28th March 2013
My first assignment for People & Place is centred around the idea of compassion for those who’ve come to the latter stages of their lives and who are, to a greater or lesser extent, pushed to one side, ignored and materially poorer than most; social compassion.
I was tasked with reading some texts about compassion, charitable donations and donor fatigue and comment on them in context with my own work. The two texts I was pointed to are passages from Susan Sontag in ‘On Photography’ and a riposte to her text by David Campbell ‘The Myth of Compassion Fatigue’ .
In the 1970’s, Susan Sontag wrote, ‘At the time of the first photographs of Nazi camps, there was nothing banal about these images. After thirty years, a saturation point may have been reached. In these last decades, ‘concerned’ photography has done at least as much to deaden conscience as to arouse it.’ and ‘Once one has seen such images, one has started down the road of seeing more – and more. Images transfix. Images anaesthetise.’
David Campbell’s paper is much too long to paraphrase into a couple of neat sentences, but the two texts above from Sontag are the ones he seems to take exception to and his paper goes on to say why he thinks they’re wrong.
Although what I write next may seem that the argument is over, there is more to this than simply ‘compassion fatigue’. David Campbell is probably absolutely correct in his analysis that the generations of images showing atrocities, starvation, death, mutilation and any other imagery used to promote charitable giving, has not had any effect on compassion or charitable giving. If all one does is look at the statistics of donations made in the USA in 2011, the latest year statistics are available for, then it’s clear that donations are increasing (and have been year on year) to the amount of 4% more in 2011 than 2010, thus the notion of ‘donor fatigue’ and ‘compassion fatigue’ are indeed a myth.

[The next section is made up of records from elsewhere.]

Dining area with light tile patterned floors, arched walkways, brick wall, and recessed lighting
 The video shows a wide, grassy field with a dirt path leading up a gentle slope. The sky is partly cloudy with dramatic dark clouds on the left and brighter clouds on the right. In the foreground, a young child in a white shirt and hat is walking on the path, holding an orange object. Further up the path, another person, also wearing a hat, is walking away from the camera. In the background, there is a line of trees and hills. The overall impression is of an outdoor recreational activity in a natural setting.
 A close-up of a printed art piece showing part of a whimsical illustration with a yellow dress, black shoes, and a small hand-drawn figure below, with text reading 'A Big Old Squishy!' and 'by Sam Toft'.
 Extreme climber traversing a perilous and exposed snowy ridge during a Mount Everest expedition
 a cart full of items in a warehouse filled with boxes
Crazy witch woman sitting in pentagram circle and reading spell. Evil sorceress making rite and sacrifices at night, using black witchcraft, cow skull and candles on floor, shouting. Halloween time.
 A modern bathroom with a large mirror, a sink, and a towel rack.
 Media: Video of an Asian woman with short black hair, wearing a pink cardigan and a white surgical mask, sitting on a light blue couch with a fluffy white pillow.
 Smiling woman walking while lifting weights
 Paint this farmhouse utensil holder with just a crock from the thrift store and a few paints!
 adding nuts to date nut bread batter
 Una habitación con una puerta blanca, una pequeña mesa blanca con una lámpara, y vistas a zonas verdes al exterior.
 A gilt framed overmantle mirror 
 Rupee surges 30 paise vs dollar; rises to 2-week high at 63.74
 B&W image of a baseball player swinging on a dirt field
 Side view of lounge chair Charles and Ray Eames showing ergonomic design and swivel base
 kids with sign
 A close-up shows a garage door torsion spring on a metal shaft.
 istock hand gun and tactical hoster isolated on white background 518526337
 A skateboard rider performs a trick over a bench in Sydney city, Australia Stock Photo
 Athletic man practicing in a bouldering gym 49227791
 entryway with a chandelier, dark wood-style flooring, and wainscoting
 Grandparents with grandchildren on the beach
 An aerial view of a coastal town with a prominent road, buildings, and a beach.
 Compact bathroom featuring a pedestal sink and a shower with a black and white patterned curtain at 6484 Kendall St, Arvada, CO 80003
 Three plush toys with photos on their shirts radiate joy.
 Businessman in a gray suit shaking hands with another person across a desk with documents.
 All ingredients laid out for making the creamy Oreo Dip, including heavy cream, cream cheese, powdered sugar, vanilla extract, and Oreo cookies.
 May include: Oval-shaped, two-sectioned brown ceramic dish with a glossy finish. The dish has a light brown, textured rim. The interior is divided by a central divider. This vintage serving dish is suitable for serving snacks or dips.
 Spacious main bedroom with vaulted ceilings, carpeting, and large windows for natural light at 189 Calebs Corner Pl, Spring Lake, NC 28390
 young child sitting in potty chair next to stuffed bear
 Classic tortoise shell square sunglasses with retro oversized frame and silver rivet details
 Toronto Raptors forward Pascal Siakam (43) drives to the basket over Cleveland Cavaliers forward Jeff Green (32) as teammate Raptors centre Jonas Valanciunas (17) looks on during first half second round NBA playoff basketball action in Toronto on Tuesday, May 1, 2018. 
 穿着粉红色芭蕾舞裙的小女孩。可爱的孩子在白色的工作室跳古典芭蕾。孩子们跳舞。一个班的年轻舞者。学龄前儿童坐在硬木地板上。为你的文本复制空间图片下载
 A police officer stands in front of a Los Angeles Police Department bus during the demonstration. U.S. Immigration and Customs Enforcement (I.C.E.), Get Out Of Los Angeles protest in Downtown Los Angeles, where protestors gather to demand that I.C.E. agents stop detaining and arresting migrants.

But I’m sure the question, and answers, aren’t that simple. Leaving aside the simple statistics, why would those two terms have been coined in the first place if there wasn’t some sense that there were effects that could be attributed to them? It’s clear, from researching the subject on the internet, that other than the monetary donation statistics there haven’t been any other studies commissioned to determine why people give, what makes them give, what they want to see from the charities concerned and most importantly, why they react the way they do, or don’t, to the images that support charitable campaigns or reporting of incidents where compassion is being sought! In any other area of business this would be astounding, and no industry the size of charitable giving would carry on year in year out without wanting to know more about their target market and having commissioned all sorts of studies and test marketing of its proposed advertising strategy. It can be understood of course that no CEO of a charity would want to have to explain why they’re spending charitable donations on marketing research, even if such research were to show that by changes highlighted from that research would increase donations by more than the cost of the research, the giving public would see this as poor judgement and a further loss of revenue to the needy. So why did these two phrases gain such common parlance?
I think at this stage it would be a good idea to try to put a theory forward as to what happens, at least as far as the imagery is concerned.
I was watching a regional news broadcast about a very rare genetic disorder that had afflicted two boys, in the same family, from birth. The result of this disorder was that for every bump, rub, slight knock against their skin resulted in a lesion which disfigured their bodies, were difficult to heal and had, through surgery, prevented them from ever being able to speak. The boys died before the age of three within a few days of each other and had a joint funeral. The moving images of the boys features were shown during the section and the effects of their disability were horrendous, although neither seemed to be overly bothered and were playing quite happily. For the first time in a very long time my wife and I were nearly brought to tears.
Why would we have such a strong reaction? A couple of reasons, the images were totally unexpected, shocking and we also have young grandchildren we can relate to. However, why aren’t we as moved by images from the suffering children of Africa, or the plight of the Tsunami victims of a few years ago or any of the other disasters we see so regularly? ‘Images transfix. Images anaesthetise.’
First of all we become sensitised, that’s when we have the feeling we did at seeing the two boys, then we become anaesthetised, that’s when we take images of disasters for granted, then we can perhaps become fatigued, when we see too many and not necessarily not care, but don’t react.
If my supposition is correct then the terms of ‘compassion fatigue’ and ‘donor fatigue’ come from the fact that everyone who makes charitable donations has an upper limit to their largesse, if they didn’t they’d be broke in no time; also, there are too many charities chasing the same donation. If a donor becomes anaesthetised to one charities images that have previously been sensitising for them, then they pass their donation to another charity whose images can sensitise them now. The original charity now sees a drop in its income and cries ‘donor fatigue’ or ‘compassion fatigue’, when in actual fact there hasn’t been any such thing, it’s just their advertising is now outmoded and needs a fresh injection of images that sensitise.
So where do my images fit within this canon? They fit in as long as anyone finds them sensitising, and to ensure that the message I want to get across remains in the mind’s eye of the target audience I’m aiming at, and also expands to others who’ve not thought of this before, I need to ensure that my images change regularly, remaining focused on the subject, but also different enough to prevent anaesthetisation and fatigue.